((
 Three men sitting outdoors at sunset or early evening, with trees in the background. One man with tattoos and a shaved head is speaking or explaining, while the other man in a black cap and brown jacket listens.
))
((
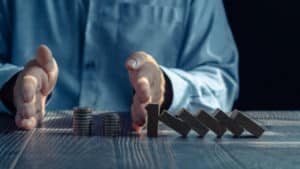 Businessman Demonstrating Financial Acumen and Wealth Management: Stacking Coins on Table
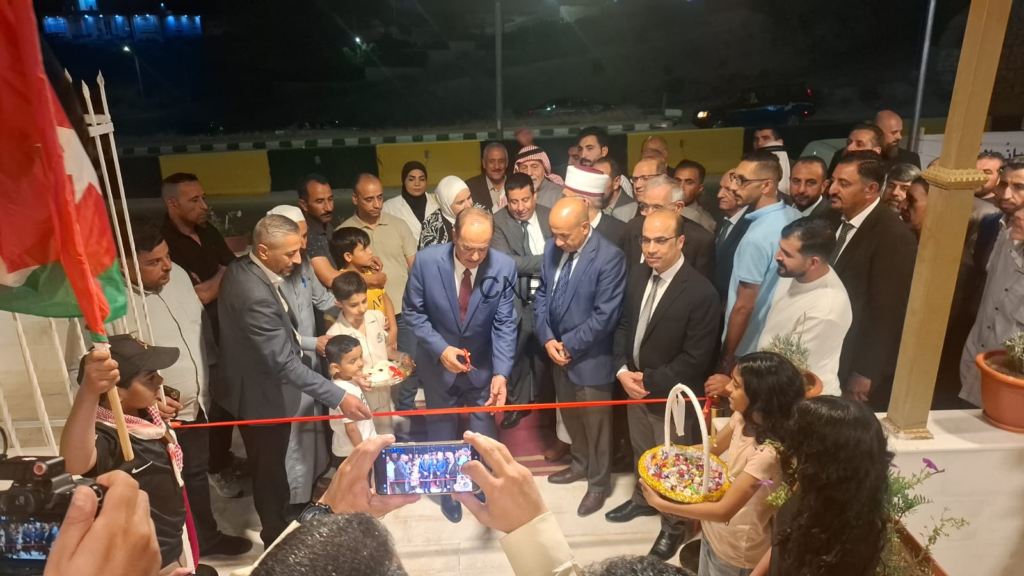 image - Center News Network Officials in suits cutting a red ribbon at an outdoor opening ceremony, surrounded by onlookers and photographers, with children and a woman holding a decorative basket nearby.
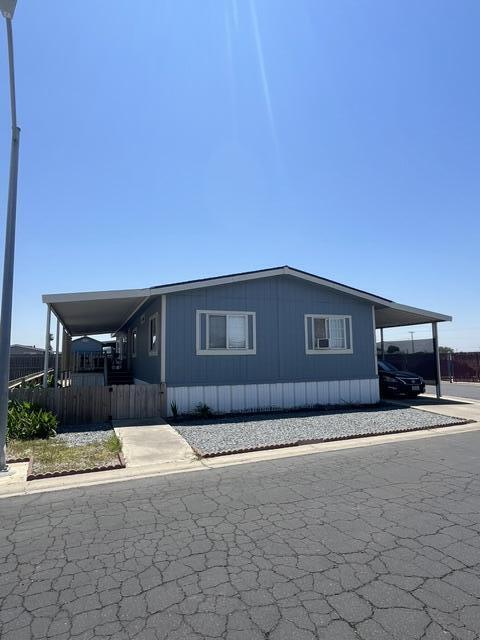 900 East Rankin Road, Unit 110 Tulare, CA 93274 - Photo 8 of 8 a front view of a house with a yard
))
TRY IT:
Your task is to copy only the lines above starting at the one containing "image - Center" and ending at the one containing "900 East Rankin". Copy them exactly, both ends included, and omit the pictures.

ANSWER BOX:
 image - Center News Network Officials in suits cutting a red ribbon at an outdoor opening ceremony, surrounded by onlookers and photographers, with children and a woman holding a decorative basket nearby.
 900 East Rankin Road, Unit 110 Tulare, CA 93274 - Photo 8 of 8 a front view of a house with a yard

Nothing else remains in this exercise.